Black History Month Feature: Pierce Street Gateway
By: Alyssa Wilson, University of Lynchburg Bonner Intern
When traveling down Pierce Street in the City of Lynchburg you can look around and see a deep, rich history surrounding you. Pierce Street consists of many landmarks: the Calloway and Spencer Store, Anne Spencer House & Garden Museum and the home of tennis coach and physician Dr. Robert Walter Johsnon.
The Pierce Street Gateway became a 501(c)3 tax-exempt organization in 2018. The Gateway’s website states their goal “to study, stabilize, then preserve and restore the important historical structure at 1301 Pierce Street, while working to create a visitor center to serve as a hub for neighborhood tourism.”
Dr. Ghislaine Lewis is the new Director of Pierce Street Gateway. She said, “...the position has recently been incorporated into my duties at the University of Lynchburg. The role has been created through a kind gift to the campus from visionary and University of Lynchburg board member, Mr. Stewart Coleman.”
Coleman said, “Like many properties in the neighborhood, 1301 Pierce Street is, in its own right, a significant historic building with a strong and valuable story. Known as Calloway and Spencer Store and now as Pierce Street Gateway, the property offers an important opportunity to create much more than a singular historic landmark.”
Pierce Street Gateway creates the opportunity for every story of the neighborhood to be intertwined with each other. Previously, the Gateway was known as the Calloway and Spencer Store but now is named for a much broader purpose.
Coleman lists the many possibilities that this purpose could take shape in:
Create a visitor’s center to provide restrooms, kitchen facilities, and potential staff, which would serve the museums and promote the historic importance of the neighborhood.
Support the neighborhood historical organizations by offering help with activities, writing, marketing and disseminating information.
Provide community meeting and exhibition space for a variety of purposes including historic and art exhibitions, lectures and presentations.
Create a community youth center to engage neighborhood youth in a variety of educational activities in addition to historical programs.
This list of possibilities lends an even greater effect to the greater Lynchburg area.
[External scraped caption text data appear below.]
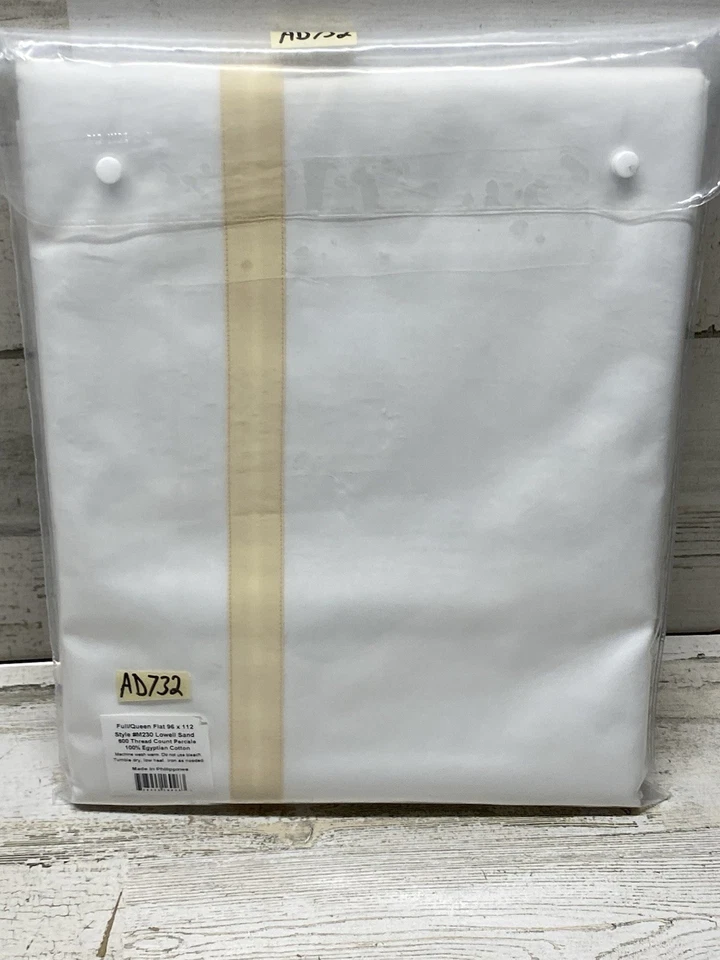 Sábana plana Matouk Lowell Queen 600 TC algodón egipcio blanco/arena nueva Foto 3 de 4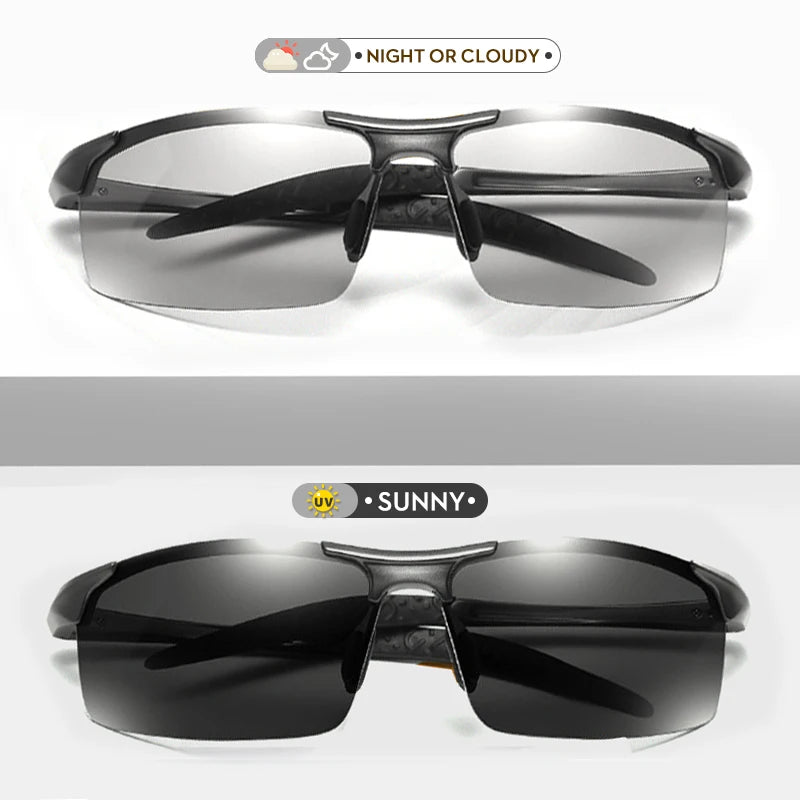 CoolPandas Photochromic Sunglasses Men Polarized Rimless Outdoor Sport Driving Glasses Day Night Chamelon Goggle zonnebril heren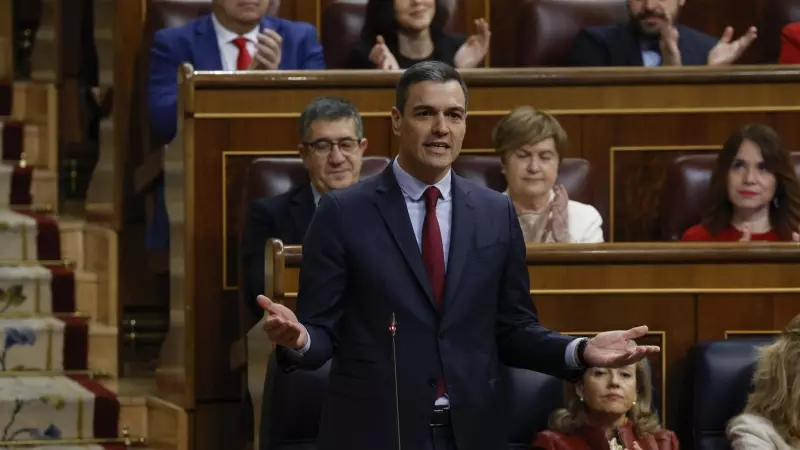 El presidente del Gobierno, Pedro Sánchez, durante la sesión de control celebrada este miércoles.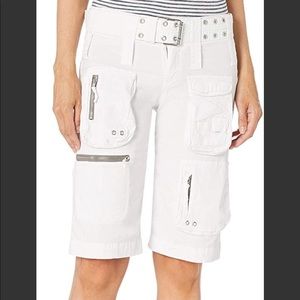 Long White cargo shorts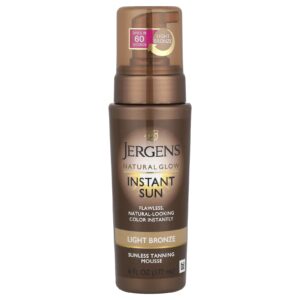 Jergens Natural Glow Instant Sun Musse bronzeador sem sol Bronze claro 177 ml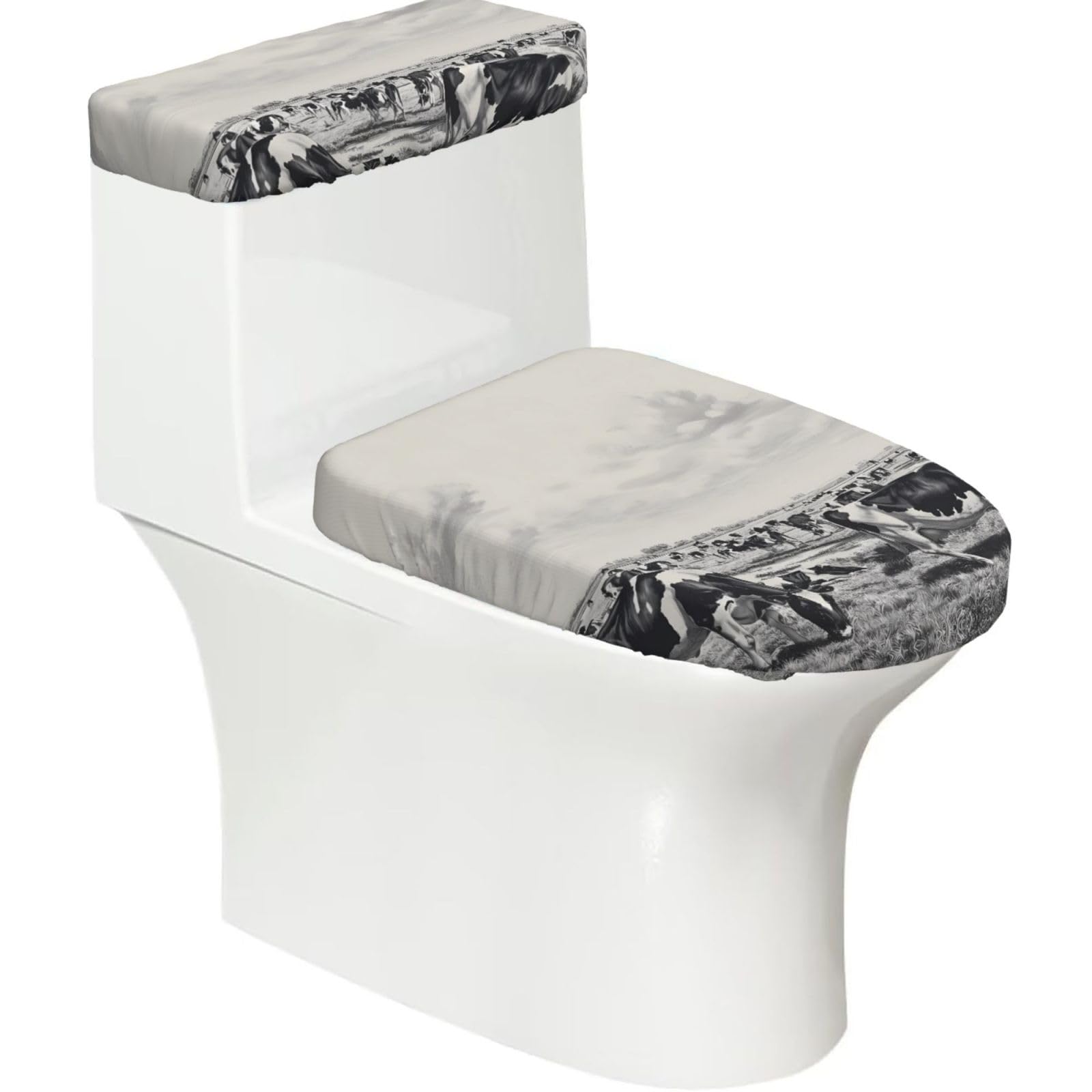 Wzycwb Black A Herd Of Dairy Cows 2-Piece Toilet Seat Cover Set With Tank Lid, Elastic Fit For U-Shape & Elongated Toilets, Bathroom Decor, Housewarming Gift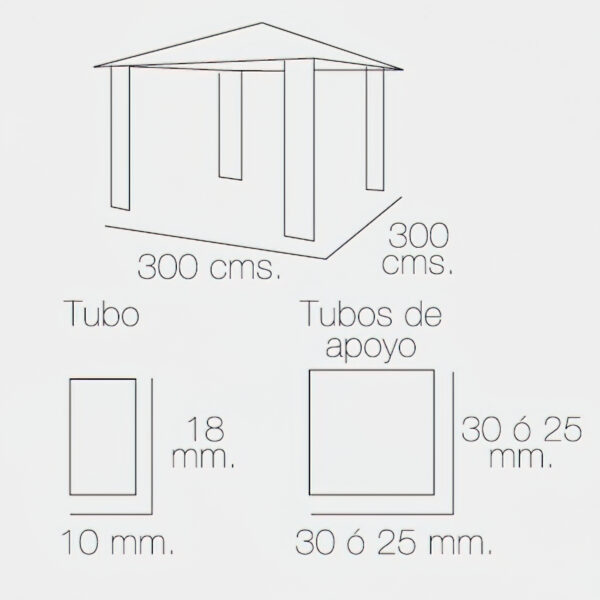 Pergola Papillon 3×3 Metros Plegable Aluminio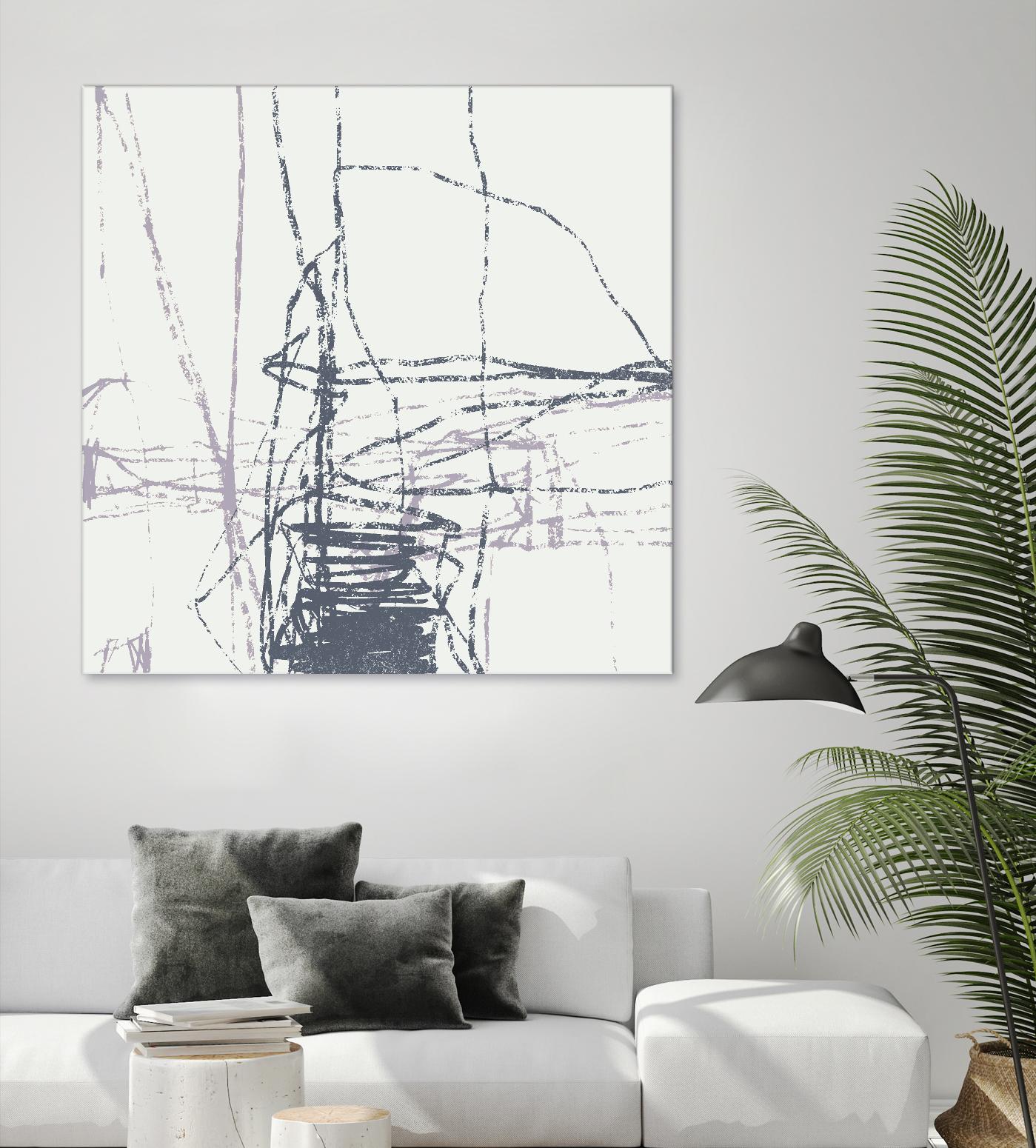 Chalk Doodles G by Gregory Garrett on GIANT ART - beige abstract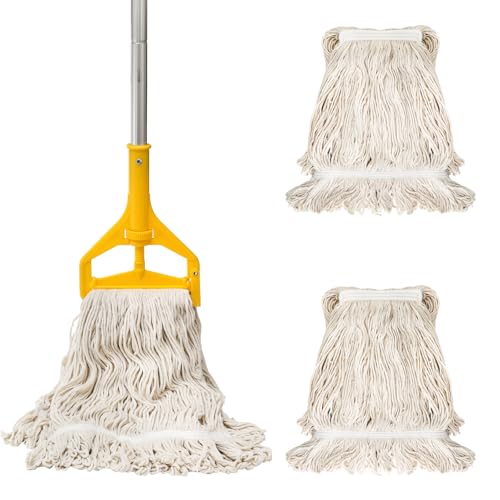 Yesland Commercial Mop with 2 Mop Heads, Industrial Cotton Mops with 61inch Long Handle, Heavy Duty Looped-End String Wet Mops for Cleaning Office Garage Hardwood Warehouse Factory Mall Deck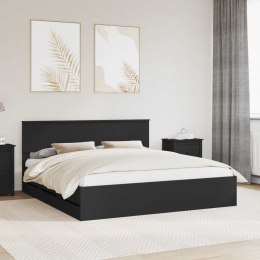 VidaXL Ramka łóżka z szufladą Czarny 180 x 200 cm Drewno inżynieryjne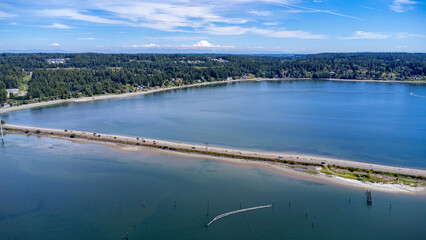 Road going across the Purdy Spit in Washington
The Gateway project has the potential to promote Lynchburg not only locally but also on a regional and statewide level.
In addition to these possibilities provided by revitalizing the Calloway and Spencer store, one of the first black-owned-and-operated grocery stores in Lynchburg, the Gateway also added a community garden in the summer of 2021. The Pierce Street Community Garden aims to help residents out of a food desert, an area where there is a lack of affordable access to healthy foods, as well as drawing attention to the mission of the Pierce Street Gateway project.
The living history experience that is conveyed through the Calloway store and Anne Spencer House & Garden Museum is a stark reminder of the rich history that the neighborhood holds.
Lewis said, “I think this initiative is important to the Lynchburg community because it allows us to tell the stories of the members of the African American community who have helped to shape the identity of the neighborhood and the city. Often the contributions of these local change makers go unnoticed and unvoiced.”
The Gateway aims to take these historic buildings and turn them into educational landmarks where people of all ages can learn about the rich history of Pierce Street and the many important people who have lived, learned and worked there over the years.